Recently, Devi Sridhar, professor of global public health at the University of Edinburgh, said “The question of whether it is safe to open is clearly a political one and seems to be driven by economic and social imperatives rather than public health.” Leaving politics aside, what this statement highlights neatly is that the Government is currently attempting to balance three competing objectives: public health; economic performance; and social needs. We think most organisation leaders are facing the same balancing act when planning a return to the office.
In an earlier blog we talked about some of the social imperatives that organisations might consider when planning their return to their offices as Covid-19 restrictions ease and we argued that for many the sociality of the office has real benefits to organisation outcomes. However, these social imperatives do not act in isolation but must be balanced with the health risks to employees and the financial risks to the organisation. In many cases the health, economic and social demands being placed on the organisation may work in opposite directions and some of these demands may be more apparent today than others. The result is the possible danger that all three imperatives are not balanced in the organisation’s long term interests.
For the Government, signs of the economic imperatives they are trying to balance are not difficult to pick up. At time of writing 8.7 million people are on the UK governments furlough scheme, a further 2.5 million on the self-employed scheme and currently that number is still rising. That represents more than a quarter of the workforce and is expected to cost up to £100bn. This is just one of many additional costs incurred in response to the Covid-19 pandemic.
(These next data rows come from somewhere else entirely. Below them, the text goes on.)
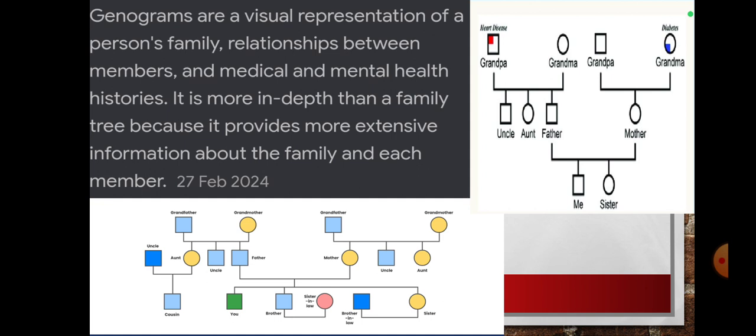Genograms are a visual representation of a person's family, relationships between members, and medical and mental health histories. It is more in-depth than a family tree because it provides more extensive information about the family and each member.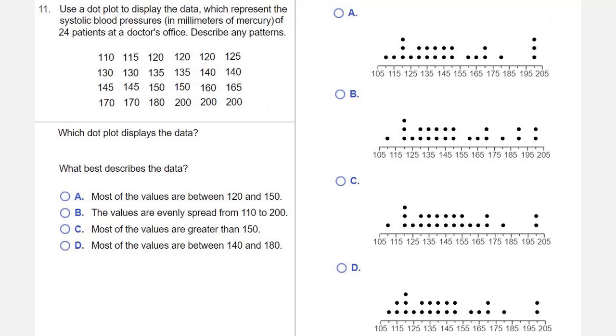We're down to A and D. And one of the differences between A and D is that there's three dots at the end of A and only two dots at the end of D. So that is at the value 200. So how many 200s do we have? We have one, two, three, so we should have three dots, which means my correct answer here is choice A.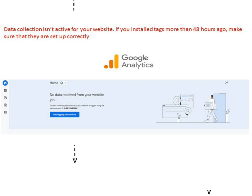Hello everyone, today we will discuss the error message on your Google Analytics that says data collection is inactive for your website. If you installed tags more than 48 hours ago, make sure that they are set up correctly.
This balancing act, being played out in the news headlines at the Governmental level, is also experienced by many organisations in a way that has a very real impact on decisions to return to the office. If infection risks were the only criteria that needed to be considered, few organisations would be considering a return to the office before the end of the year. But it is not, every leader will also be attempting to balance the health needs of their employees with the social and economic needs of the organisation.
From an economic perspective the pandemic has affected organisations in very different ways. Whilst some have thrived many others face mounting debt, a squeeze on cash and continued uncertainty about their future ability to operate. These contrasting fortunes are highlighted by a recent report that Zoom is valued higher than the world’s 7 largest airlines.
For those organisations thriving during the pandemic despite a period of forced absence from the office, economic concerns are unlikely to put extra pressure on leaders to return to the office any faster than the health needs of the employees dictate. Indeed, some Tech companies have announced that employees can keep working from home permanently if they want to. Yet we would question whether such decisions have fully factored in the long term social consequences, after all, these are organisations that have spent fortunes on building offices that they consider ‘cathedrals to innovation’ based on their impact on social interaction.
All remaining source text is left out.